Several disease-causing pathogens have been found during the metagenomics study of the river during the present investigation. The species of Aeromonas (Aeromonas veronii) was reported, which acts as a fish and opportunistic pathogen to humans [55]. Vibrio sp. causes diseases in fish, but being zoonotic also infects birds and animals; consumption of undercooked infected fish causes gastrointestinal problems in humans [10, 18]. Spiroplasma has been observed as a severe pathogen of crayfish [99], Nocardia is being found in multiple hosts including fish and human [26, 60] and acts as a fish pathogen [3]. Flavobacterium sp., Citrobacter sp., Proteus sp., Klebsiella sp., Comamonas, Plesiomonas, Ralstonia, Chryseobacterium, vibrio, and Edwardsiella have been recognized as fish pathogens [97]. Comamonas, Ralstonia sp., Ochrobactrum sp., Pseudomonas sp., Sphingomonas sp., and Brevundimonas sp. are also opportunistic pathogens [72]. Leclercia adecarboxylata is also a human opportunistic pathogen affecting immunocompromised hosts [105]. All these pathogenic microbiota were also reported at the sites of Baner rivulet. Furthermore, more deep studies are required to carry on the Baner regarding control of these types of pathogenic microorganisms.

Conclusion

The first-time metagenomic study of Baner rivulet revealed Proteobacteria to be the most dominating phylum at all the sampling sites indicating municipal wastes, human excreta, and anthropogenic pollution. Proportionately, more presence of Proteobacteria at S3 indicates fecal pollution and more anthropogenic interference at this site. S3 is the last point of investigation and falls downstream the river after crossing the main city, so more anthropogenic impact has been observed. As several human, fish, and zoonotic pathogens were found in the water, it is advised to be watchful, periodically disinfect, and use appropriate bio-remedial techniques as the water of Baner has been lifted by the Himachal Pradesh Irrigation and Public Health Department both for drinking and irrigation purposes.
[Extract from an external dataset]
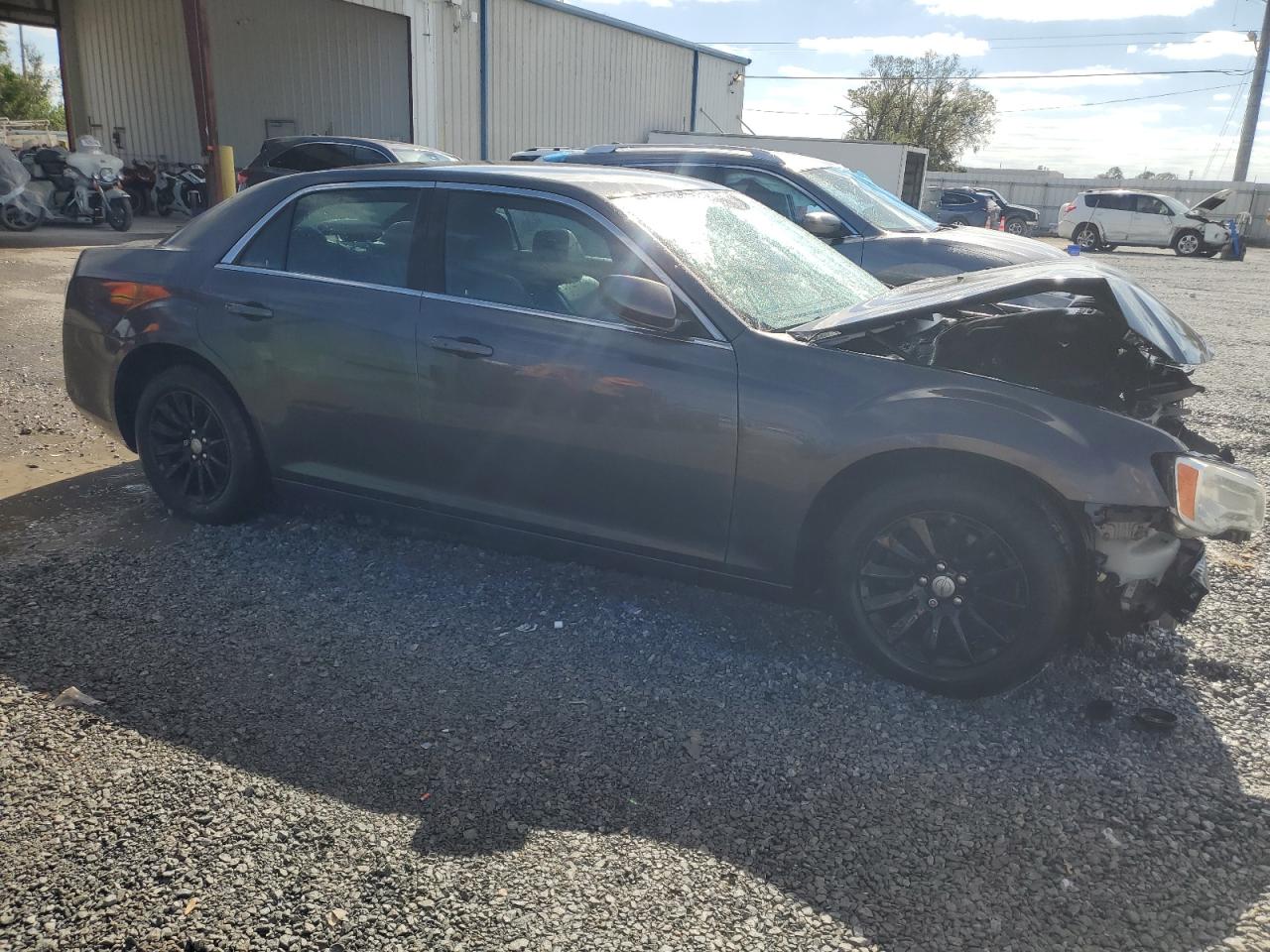 VIN 2C3CCAAGXDH632208 2013 CHRYSLER 300 no.4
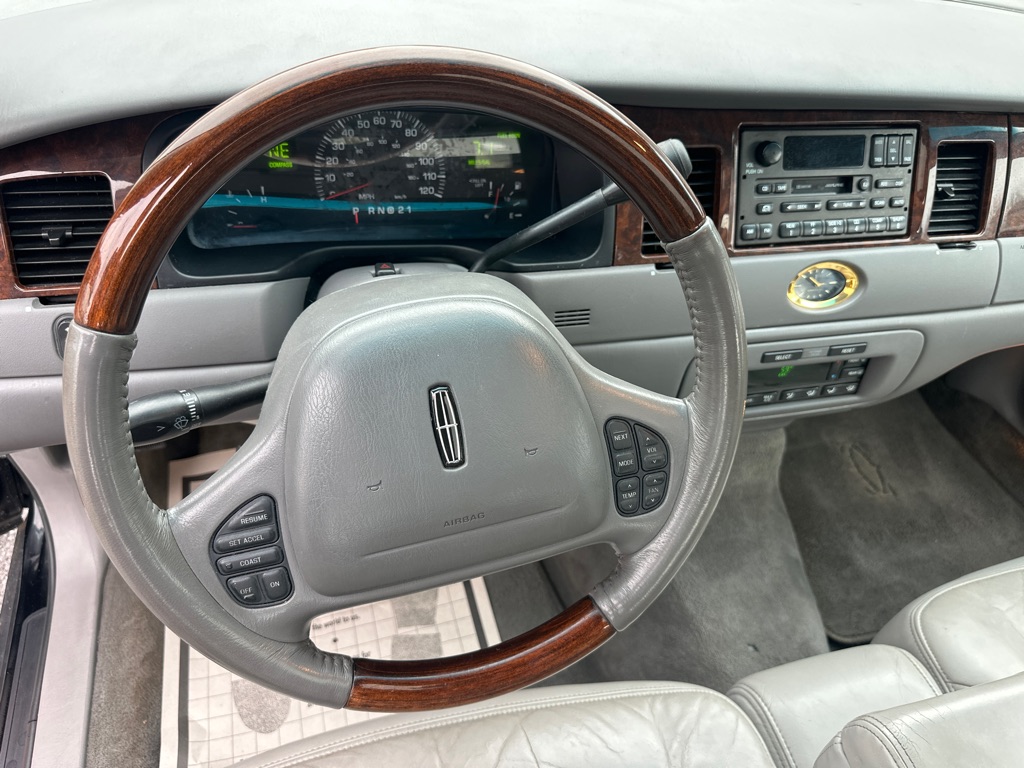 Photo 71 of this LINCOLN TOWN CAR CARTIE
However, the Baner also possesses an abundant bacterial profile that holds great promise for developing bioremediation tactics against a variety of harmful substances, such as heavy metals, pesticides, xenobiotic, nitrogen and sulfur, phenol, and toluene metabolism, and also has good potential for probiotics concerned with fish health. The genes of bio-remedial and probiotic bacteria can be identified and exploited through genetic engineering or transformation for healthy aquaculture and fishery sector. As the water is used for drinking and agriculture, it is good that it is being purified of heavy metals and pollutants by natural mechanisms. The findings of the present research may also be used as a basis or case study in the future for supporting further freshwater microbiome research. Additionally, it is possible to recover and clone the expected gene pool for xenobiotic degradation to create new bioremediation techniques in the future.